* **WHAT TO WORK ON**
In the records that follow, skip the pictures and print everything else exactly.

* **DATA FOR THIS EXERCISE**
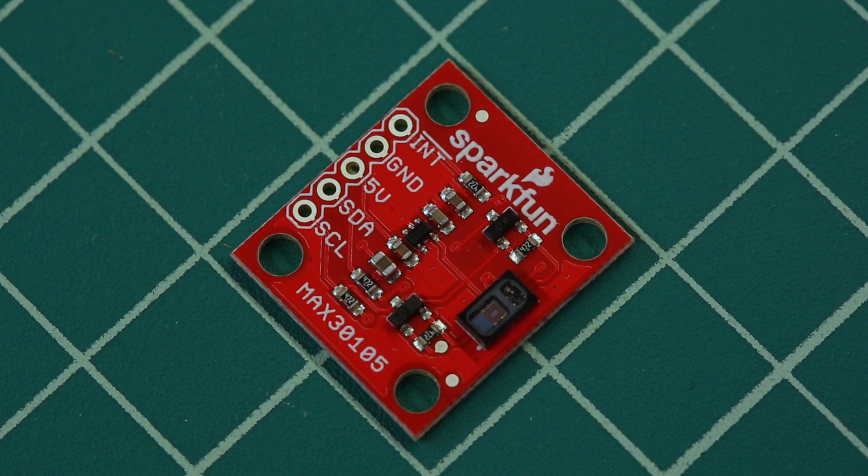Track distance, heart rate, and particle detection with the flexible and powerful MAX 3105 Particle and Pulse OX sensor.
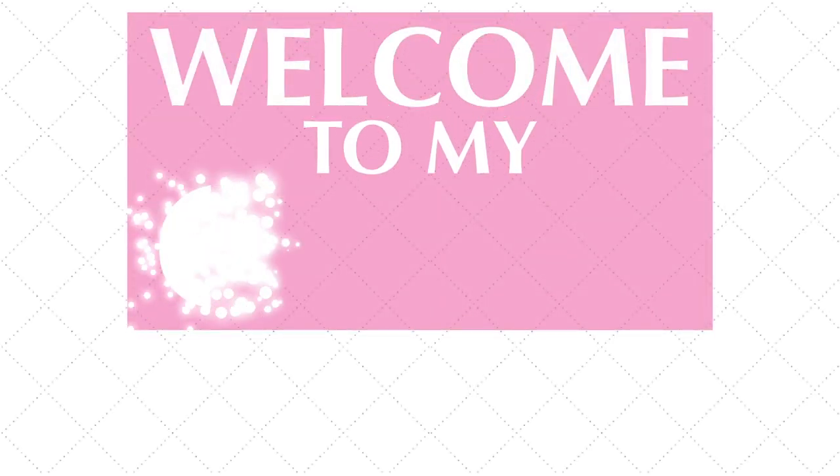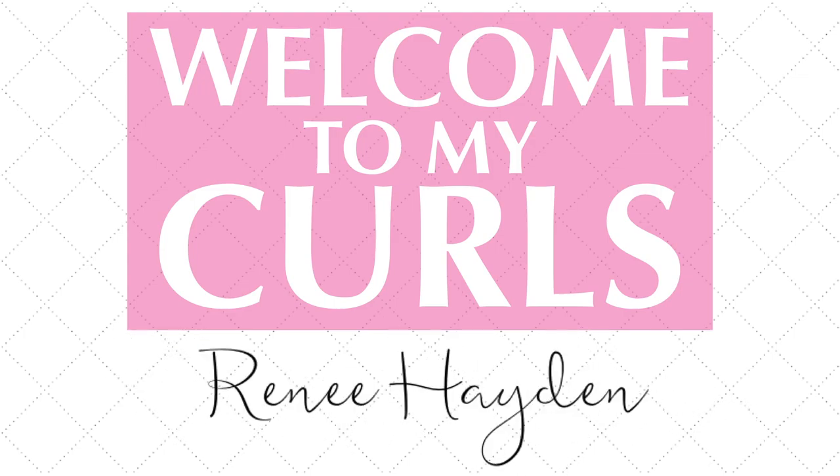Hey y'all, welcome to my curls. I'm doing another edition of my bathroom empties. I want to share with you in this video all of the bath and beauty products that Randy and I have gone through in the past couple months. Let's get started on my empties video — things I have used up, things I've liked, and a couple things I didn't like.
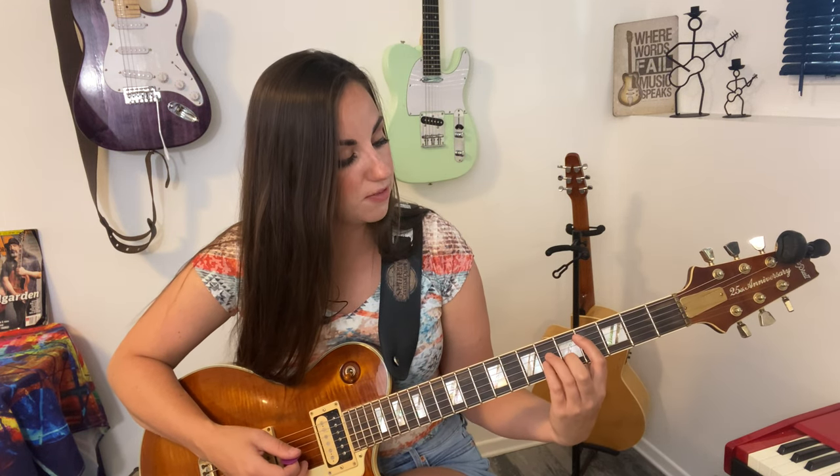Next we're going to play a C sharp minor. First finger on the fourth fret of the fifth string. You can fake the bar chord and play it as a power chord: first finger on the fourth fret fifth string, third finger on the sixth fret fourth string, and your pinky on the sixth fret third string. Then your second finger plays the second string on the fifth fret. That's your C sharp minor.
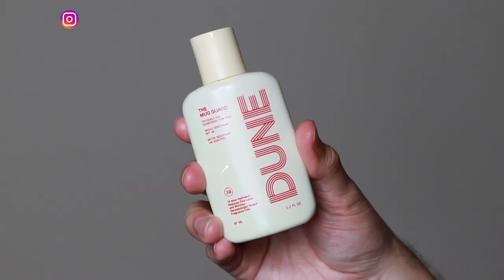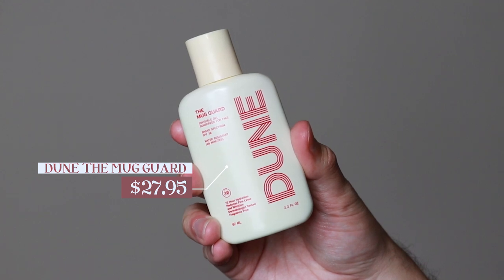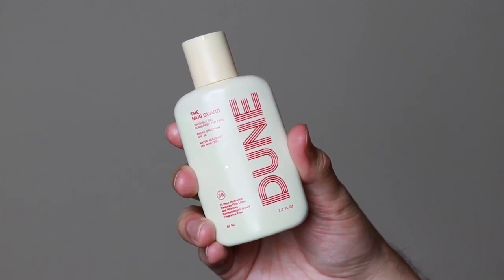Hi everyone, my name is Alex. Today I'm going to be trying the Dune Mug Guard. This product retails for $27.95. This is a fairly new product that I've seen on Ulta's website. I was really drawn to the packaging of this product and I was also interested because it was a new sunscreen. I haven't heard much from this brand — I think it is fairly new — but since it is in Ulta,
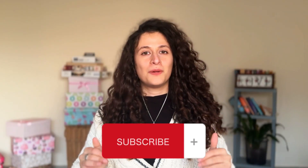Hello friends and welcome back to the channel. In today's video, we're going to be talking about puzzles.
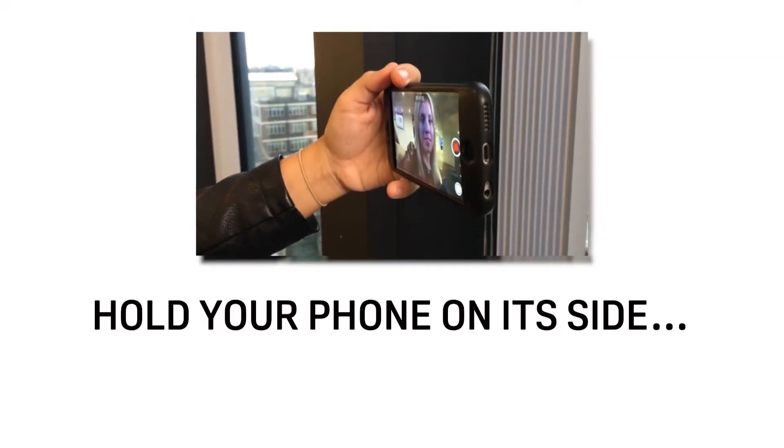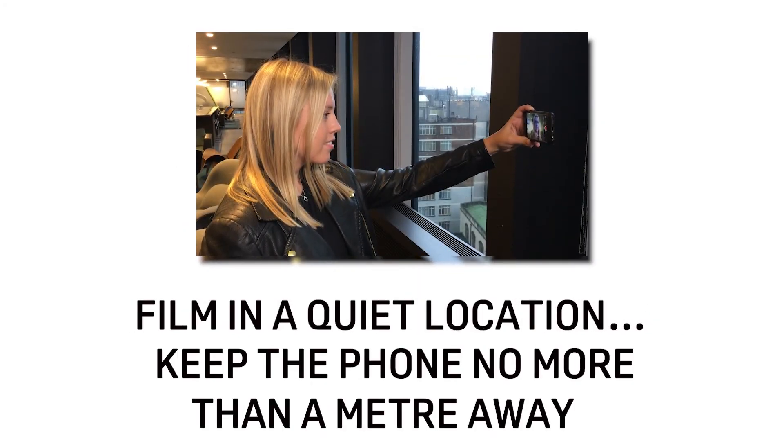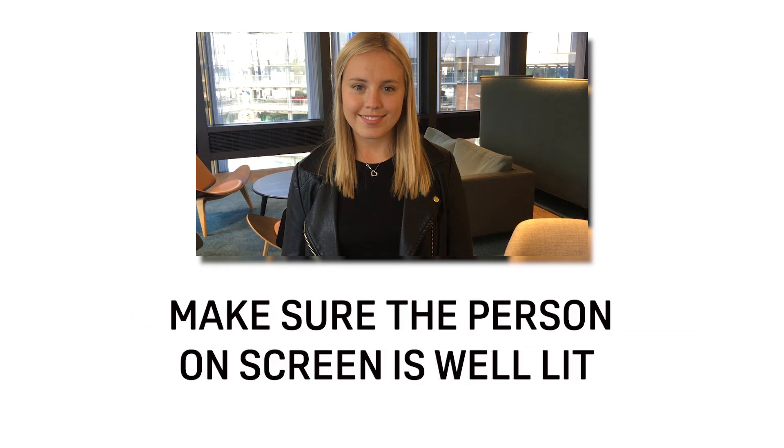So remember: hold your phone on its side and hold it steady. Film in a quiet location and keep the phone no more than a metre away to record good sound. Frame your shot so your eyes are two-thirds of the way up the screen. Make sure the person on screen is well lit. And above all, have fun.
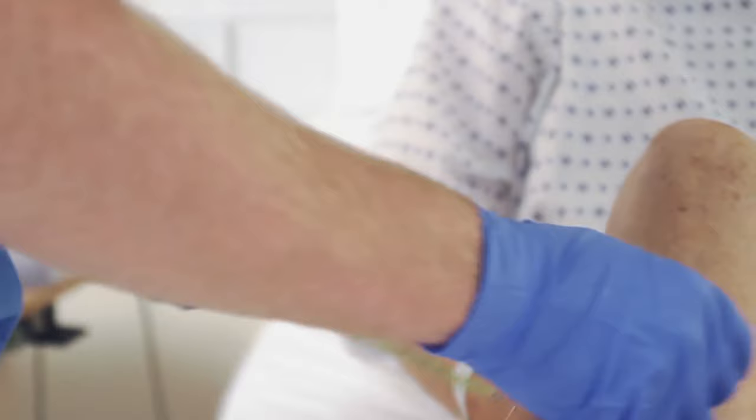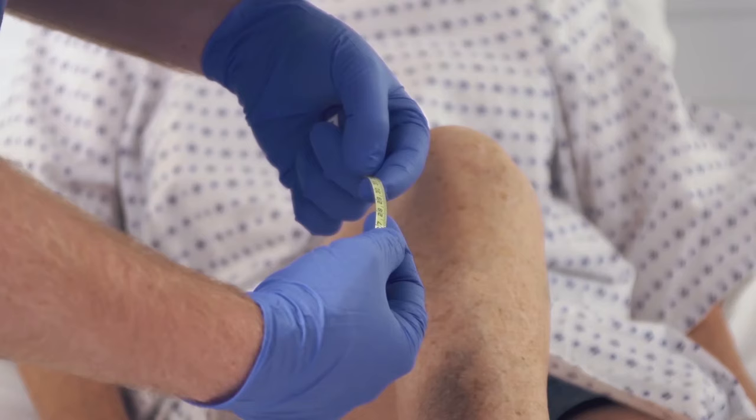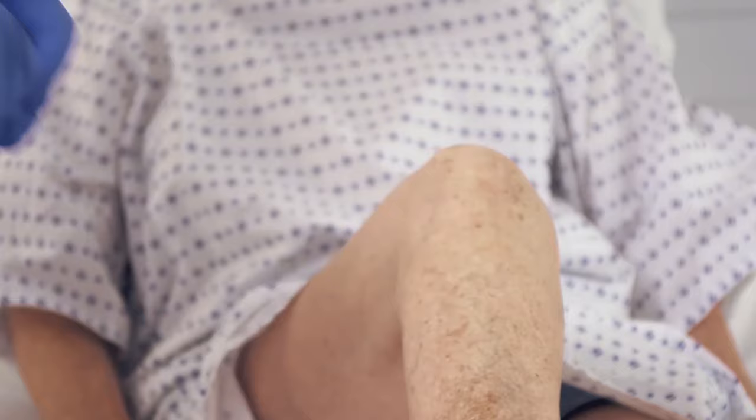The sleeves are available in thigh and knee length sizes. For knee length sleeves, measure the circumference of the patient's calf at the widest part and then refer to the Kendall SCD system sizing chart to determine the correct sleeve size.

* **EXERCISE ANSWER**
Track distance, heart rate, and particle detection with the flexible and powerful MAX 3105 Particle and Pulse OX sensor.
Hey y'all, welcome to my curls. I'm doing another edition of my bathroom empties. I want to share with you in this video all of the bath and beauty products that Randy and I have gone through in the past couple months. Let's get started on my empties video — things I have used up, things I've liked, and a couple things I didn't like.
Next we're going to play a C sharp minor. First finger on the fourth fret of the fifth string. You can fake the bar chord and play it as a power chord: first finger on the fourth fret fifth string, third finger on the sixth fret fourth string, and your pinky on the sixth fret third string. Then your second finger plays the second string on the fifth fret. That's your C sharp minor.
Hi everyone, my name is Alex. Today I'm going to be trying the Dune Mug Guard. This product retails for $27.95. This is a fairly new product that I've seen on Ulta's website. I was really drawn to the packaging of this product and I was also interested because it was a new sunscreen. I haven't heard much from this brand — I think it is fairly new — but since it is in Ulta,
Hello friends and welcome back to the channel. In today's video, we're going to be talking about puzzles.
So remember: hold your phone on its side and hold it steady. Film in a quiet location and keep the phone no more than a metre away to record good sound. Frame your shot so your eyes are two-thirds of the way up the screen. Make sure the person on screen is well lit. And above all, have fun.
The sleeves are available in thigh and knee length sizes. For knee length sleeves, measure the circumference of the patient's calf at the widest part and then refer to the Kendall SCD system sizing chart to determine the correct sleeve size.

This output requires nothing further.